* [Task description]: Go to the line containing "Natural Grid Mulberry" in the records below and print it and every following line exactly, on through the line containing "Vingadores: Ultimato Figura", then stop.

● ● ● ●

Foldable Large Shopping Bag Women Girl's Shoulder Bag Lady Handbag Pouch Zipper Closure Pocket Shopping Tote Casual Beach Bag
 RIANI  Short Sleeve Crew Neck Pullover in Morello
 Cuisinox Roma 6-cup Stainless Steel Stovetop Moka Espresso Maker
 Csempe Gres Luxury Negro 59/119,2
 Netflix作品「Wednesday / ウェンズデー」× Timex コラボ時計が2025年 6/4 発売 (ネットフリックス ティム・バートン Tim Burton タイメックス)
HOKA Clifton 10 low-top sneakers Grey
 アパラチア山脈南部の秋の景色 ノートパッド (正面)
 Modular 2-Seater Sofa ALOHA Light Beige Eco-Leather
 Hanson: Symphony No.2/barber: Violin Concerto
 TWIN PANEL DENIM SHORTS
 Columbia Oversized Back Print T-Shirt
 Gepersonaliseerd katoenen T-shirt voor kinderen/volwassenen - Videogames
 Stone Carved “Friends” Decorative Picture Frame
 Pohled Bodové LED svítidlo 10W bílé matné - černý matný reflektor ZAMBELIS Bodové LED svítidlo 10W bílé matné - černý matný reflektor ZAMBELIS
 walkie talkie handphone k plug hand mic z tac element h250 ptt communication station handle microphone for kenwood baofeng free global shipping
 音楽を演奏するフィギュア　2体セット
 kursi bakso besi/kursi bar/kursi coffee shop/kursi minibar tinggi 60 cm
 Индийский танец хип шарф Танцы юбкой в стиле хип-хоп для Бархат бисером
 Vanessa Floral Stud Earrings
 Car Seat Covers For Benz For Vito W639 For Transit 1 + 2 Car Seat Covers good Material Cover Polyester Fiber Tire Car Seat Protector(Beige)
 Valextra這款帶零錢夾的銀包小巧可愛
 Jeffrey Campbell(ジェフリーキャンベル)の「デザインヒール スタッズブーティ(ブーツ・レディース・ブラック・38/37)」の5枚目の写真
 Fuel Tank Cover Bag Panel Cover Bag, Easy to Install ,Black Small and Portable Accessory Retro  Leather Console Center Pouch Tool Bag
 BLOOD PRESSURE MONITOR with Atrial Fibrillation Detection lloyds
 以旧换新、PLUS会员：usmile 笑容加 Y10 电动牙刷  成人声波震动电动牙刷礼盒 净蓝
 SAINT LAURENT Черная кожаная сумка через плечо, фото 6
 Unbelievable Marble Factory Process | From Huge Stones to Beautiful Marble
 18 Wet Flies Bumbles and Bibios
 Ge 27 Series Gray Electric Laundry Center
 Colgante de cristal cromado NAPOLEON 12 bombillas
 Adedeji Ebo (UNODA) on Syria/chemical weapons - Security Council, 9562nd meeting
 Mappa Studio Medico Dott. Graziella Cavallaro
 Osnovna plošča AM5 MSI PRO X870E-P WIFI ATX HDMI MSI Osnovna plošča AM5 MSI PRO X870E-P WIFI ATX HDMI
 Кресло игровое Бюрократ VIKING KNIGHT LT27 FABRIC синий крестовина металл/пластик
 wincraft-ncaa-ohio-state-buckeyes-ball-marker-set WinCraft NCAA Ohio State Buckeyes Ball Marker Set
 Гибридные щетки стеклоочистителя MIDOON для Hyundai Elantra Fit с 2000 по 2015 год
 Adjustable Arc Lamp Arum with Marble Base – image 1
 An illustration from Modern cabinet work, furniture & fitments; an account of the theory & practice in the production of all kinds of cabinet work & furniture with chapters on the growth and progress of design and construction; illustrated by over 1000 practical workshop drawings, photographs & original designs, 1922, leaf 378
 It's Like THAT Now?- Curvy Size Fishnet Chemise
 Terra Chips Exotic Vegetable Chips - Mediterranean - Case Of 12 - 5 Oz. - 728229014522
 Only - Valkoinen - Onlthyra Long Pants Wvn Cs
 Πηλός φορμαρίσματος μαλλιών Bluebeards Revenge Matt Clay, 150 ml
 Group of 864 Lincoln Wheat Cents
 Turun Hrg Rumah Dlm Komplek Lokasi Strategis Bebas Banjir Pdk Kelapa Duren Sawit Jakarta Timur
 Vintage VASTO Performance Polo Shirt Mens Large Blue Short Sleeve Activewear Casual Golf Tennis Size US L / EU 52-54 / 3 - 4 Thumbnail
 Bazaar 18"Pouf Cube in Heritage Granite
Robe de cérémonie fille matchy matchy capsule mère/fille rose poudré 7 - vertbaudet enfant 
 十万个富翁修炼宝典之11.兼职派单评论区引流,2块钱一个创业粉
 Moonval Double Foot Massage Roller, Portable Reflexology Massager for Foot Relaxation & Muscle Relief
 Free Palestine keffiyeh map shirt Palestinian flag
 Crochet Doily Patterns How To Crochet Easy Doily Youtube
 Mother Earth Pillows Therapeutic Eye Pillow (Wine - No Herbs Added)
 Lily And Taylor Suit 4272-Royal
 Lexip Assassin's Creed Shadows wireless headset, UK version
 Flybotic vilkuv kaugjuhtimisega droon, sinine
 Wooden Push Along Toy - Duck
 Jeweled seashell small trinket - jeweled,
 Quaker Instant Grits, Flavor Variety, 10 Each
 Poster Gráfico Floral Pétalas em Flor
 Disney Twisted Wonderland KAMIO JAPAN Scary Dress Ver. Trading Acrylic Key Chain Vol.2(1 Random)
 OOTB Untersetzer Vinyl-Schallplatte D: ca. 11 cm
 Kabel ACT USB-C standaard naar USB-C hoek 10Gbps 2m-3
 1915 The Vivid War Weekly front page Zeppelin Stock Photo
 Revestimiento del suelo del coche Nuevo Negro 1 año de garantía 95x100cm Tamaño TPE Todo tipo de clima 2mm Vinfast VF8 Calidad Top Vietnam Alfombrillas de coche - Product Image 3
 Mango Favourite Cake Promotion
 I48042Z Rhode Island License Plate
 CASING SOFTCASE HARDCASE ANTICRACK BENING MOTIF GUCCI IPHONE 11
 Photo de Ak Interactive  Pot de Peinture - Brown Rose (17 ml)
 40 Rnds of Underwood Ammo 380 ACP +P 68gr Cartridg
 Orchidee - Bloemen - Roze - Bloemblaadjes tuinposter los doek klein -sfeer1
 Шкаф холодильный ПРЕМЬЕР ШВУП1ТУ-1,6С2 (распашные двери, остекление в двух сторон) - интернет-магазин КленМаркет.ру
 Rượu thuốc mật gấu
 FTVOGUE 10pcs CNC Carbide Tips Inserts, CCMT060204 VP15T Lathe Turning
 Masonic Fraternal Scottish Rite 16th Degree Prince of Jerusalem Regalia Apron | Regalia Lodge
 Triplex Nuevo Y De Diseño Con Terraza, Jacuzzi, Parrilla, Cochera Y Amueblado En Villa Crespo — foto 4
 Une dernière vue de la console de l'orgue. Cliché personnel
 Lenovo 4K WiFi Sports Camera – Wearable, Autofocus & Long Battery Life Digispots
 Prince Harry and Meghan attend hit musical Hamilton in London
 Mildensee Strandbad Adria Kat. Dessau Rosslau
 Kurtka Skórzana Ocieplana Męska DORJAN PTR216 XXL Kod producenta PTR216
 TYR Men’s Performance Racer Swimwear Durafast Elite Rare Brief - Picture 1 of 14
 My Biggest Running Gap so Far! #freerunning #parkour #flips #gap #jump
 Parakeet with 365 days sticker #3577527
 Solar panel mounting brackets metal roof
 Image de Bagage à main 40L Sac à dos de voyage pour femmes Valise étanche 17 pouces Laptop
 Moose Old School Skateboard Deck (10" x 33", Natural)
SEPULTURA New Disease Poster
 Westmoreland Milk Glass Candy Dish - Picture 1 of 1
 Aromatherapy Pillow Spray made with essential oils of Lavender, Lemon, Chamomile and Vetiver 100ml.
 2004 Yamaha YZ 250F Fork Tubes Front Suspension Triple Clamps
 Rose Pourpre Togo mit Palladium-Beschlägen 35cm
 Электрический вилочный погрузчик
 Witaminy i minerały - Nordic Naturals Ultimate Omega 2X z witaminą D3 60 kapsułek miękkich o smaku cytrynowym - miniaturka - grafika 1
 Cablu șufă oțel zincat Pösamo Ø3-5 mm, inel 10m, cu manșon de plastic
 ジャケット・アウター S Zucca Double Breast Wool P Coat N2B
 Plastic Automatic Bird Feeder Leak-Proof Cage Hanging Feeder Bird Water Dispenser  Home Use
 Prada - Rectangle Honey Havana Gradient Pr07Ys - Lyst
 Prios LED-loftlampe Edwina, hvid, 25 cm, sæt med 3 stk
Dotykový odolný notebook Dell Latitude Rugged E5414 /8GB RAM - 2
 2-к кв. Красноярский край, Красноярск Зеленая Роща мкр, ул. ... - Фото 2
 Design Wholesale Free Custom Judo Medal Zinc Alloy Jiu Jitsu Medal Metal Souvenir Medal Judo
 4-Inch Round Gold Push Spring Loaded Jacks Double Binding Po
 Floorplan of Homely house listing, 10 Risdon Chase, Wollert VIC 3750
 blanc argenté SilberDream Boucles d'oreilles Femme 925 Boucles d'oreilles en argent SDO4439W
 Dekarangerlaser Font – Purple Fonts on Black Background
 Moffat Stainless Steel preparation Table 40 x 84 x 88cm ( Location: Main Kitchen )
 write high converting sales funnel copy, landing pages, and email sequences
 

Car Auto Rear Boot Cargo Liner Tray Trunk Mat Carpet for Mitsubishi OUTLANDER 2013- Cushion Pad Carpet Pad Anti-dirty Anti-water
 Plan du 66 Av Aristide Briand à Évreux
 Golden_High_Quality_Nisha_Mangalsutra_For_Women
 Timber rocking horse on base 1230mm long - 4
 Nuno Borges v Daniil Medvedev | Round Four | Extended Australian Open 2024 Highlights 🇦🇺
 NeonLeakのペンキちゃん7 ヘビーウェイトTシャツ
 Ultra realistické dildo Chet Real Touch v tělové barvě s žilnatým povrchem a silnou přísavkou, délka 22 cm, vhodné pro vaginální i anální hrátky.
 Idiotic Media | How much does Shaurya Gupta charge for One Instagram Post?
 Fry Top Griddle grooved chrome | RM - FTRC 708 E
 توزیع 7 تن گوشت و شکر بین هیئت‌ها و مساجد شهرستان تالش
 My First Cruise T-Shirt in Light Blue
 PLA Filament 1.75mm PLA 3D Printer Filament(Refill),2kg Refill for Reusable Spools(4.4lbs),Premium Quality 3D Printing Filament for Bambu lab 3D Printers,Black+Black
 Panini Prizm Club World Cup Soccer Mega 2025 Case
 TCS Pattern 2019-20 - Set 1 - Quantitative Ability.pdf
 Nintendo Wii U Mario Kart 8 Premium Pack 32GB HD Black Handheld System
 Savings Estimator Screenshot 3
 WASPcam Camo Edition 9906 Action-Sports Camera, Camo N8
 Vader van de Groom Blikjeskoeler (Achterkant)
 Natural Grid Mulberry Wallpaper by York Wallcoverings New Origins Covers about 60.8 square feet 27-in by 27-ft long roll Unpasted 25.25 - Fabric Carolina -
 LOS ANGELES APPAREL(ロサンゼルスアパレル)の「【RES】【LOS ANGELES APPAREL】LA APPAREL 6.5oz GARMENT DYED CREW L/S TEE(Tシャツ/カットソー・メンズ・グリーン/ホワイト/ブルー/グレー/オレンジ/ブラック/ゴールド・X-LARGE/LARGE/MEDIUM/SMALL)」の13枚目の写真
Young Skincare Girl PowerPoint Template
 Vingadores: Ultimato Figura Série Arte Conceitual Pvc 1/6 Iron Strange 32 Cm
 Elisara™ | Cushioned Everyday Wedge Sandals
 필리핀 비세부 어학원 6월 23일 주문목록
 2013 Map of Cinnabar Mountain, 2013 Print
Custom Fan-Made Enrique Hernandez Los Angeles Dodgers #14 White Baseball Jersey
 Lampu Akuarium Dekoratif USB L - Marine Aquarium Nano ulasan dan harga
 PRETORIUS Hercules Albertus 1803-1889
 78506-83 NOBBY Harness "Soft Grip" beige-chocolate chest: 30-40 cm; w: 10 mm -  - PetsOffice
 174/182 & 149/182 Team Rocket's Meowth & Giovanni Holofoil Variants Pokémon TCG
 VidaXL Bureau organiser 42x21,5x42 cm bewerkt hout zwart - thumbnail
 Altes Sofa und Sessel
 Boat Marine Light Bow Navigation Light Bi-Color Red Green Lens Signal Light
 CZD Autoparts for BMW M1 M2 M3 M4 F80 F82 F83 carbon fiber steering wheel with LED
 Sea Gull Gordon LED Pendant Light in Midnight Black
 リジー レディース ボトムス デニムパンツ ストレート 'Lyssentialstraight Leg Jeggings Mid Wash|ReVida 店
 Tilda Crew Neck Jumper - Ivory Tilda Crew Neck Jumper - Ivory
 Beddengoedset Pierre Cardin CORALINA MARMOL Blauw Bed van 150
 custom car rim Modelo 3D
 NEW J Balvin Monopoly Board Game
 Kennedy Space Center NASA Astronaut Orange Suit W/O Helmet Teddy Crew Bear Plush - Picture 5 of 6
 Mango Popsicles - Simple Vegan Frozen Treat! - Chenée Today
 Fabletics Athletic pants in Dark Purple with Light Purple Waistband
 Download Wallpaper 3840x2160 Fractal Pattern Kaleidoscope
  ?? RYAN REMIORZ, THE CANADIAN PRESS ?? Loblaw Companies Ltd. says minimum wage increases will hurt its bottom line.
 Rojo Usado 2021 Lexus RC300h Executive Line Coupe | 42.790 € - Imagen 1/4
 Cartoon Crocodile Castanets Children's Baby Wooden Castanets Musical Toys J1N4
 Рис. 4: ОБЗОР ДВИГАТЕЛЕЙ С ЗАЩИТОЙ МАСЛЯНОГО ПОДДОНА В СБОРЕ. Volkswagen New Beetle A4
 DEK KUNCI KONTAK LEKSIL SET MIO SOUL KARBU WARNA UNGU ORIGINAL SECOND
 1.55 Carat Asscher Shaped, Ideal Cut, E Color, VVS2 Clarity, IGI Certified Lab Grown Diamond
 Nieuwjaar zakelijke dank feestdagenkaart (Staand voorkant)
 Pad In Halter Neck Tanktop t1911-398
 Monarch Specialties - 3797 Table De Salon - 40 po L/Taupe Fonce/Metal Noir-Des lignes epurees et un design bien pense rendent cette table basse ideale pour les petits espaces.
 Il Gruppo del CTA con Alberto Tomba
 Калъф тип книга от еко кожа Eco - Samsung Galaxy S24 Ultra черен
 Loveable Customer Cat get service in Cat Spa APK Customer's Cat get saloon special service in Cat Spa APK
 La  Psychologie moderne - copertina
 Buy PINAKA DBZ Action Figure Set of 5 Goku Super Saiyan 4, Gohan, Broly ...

● ● ● ●

* [Answer below]:
 Natural Grid Mulberry Wallpaper by York Wallcoverings New Origins Covers about 60.8 square feet 27-in by 27-ft long roll Unpasted 25.25 - Fabric Carolina -
 LOS ANGELES APPAREL(ロサンゼルスアパレル)の「【RES】【LOS ANGELES APPAREL】LA APPAREL 6.5oz GARMENT DYED CREW L/S TEE(Tシャツ/カットソー・メンズ・グリーン/ホワイト/ブルー/グレー/オレンジ/ブラック/ゴールド・X-LARGE/LARGE/MEDIUM/SMALL)」の13枚目の写真
Young Skincare Girl PowerPoint Template
 Vingadores: Ultimato Figura Série Arte Conceitual Pvc 1/6 Iron Strange 32 Cm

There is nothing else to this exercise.